To recruit participants, invitational emails and flyers have been sent to collaborators, along with other communication means, including mailing lists, such as those of working groups of the American Medical Informatics Association, South Carolina Clinical & Translational Research Institute newsletters, and PRISMA health research newsletters, and Slack channels, such as National COVID Cohort Collaborative communities. All study sessions are conducted remotely via video conference software (Webex, Cisco) and recorded via a commercial software (BB FlashBack, Blueberry Software).

Introduction to VIADS

In this study, we have used VIADS as an example of a secondary data analytics tool. VIADS is a visual interactive analytical tool for filtering and summarizing large health data sets coded with hierarchical terminologies [22,23,35]. It is a cost-free web-based tool available for research and educational purposes. VIADS can be used by both registered users and guest users without registration.

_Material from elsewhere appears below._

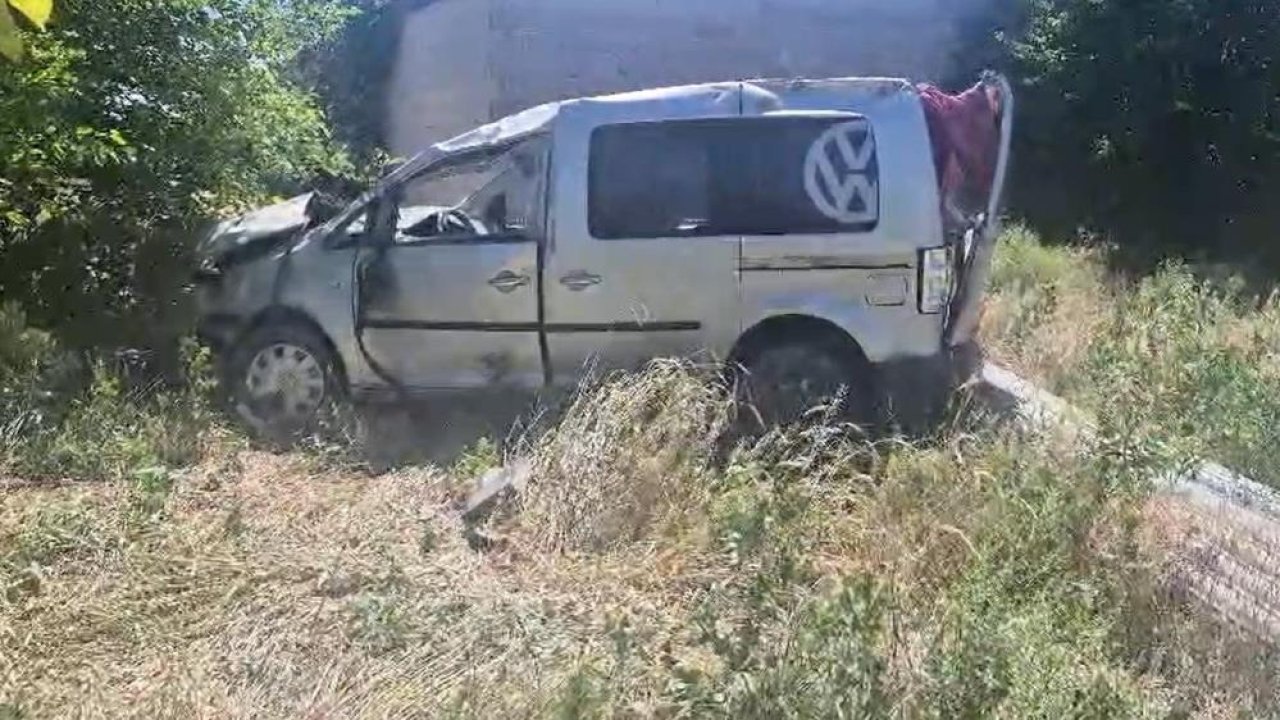 Karapınar'da kaza: 1 ölü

VIADS and the underlying algorithms were developed previously by the authors [20,21,24]. VIADS was designed to use codes and usage frequencies from terminologies with hierarchical structures to achieve the following objectives: (1) provide summary visualizations, such as graphs, of data sets; (2) filter data sets to ensure manageable sizes based on user selection of algorithms and thresholds; (3) compare similar data sets and highlight the differences; and (4) provide interactive, customizable, and downloadable features for the graphs generated from the data sets. VIADS is a useful secondary data analytics tool that can facilitate decision-making by medical administrators, clinicians, and clinical researchers. For example, VIADS can be used to track longitudinal data of a hospital over time and can explore trends and detect diagnosis trends and differences over time. VIADS can also be used to compare 2 similar medications and the medical events associated with the medications in order to provide detailed evidence to guide more precise clinical use of the medications [20]. This study provides evidence of the different information needs of physicians and nurses via the algorithms of VIADS [21]. Figure 1 shows example screenshots of VIADS.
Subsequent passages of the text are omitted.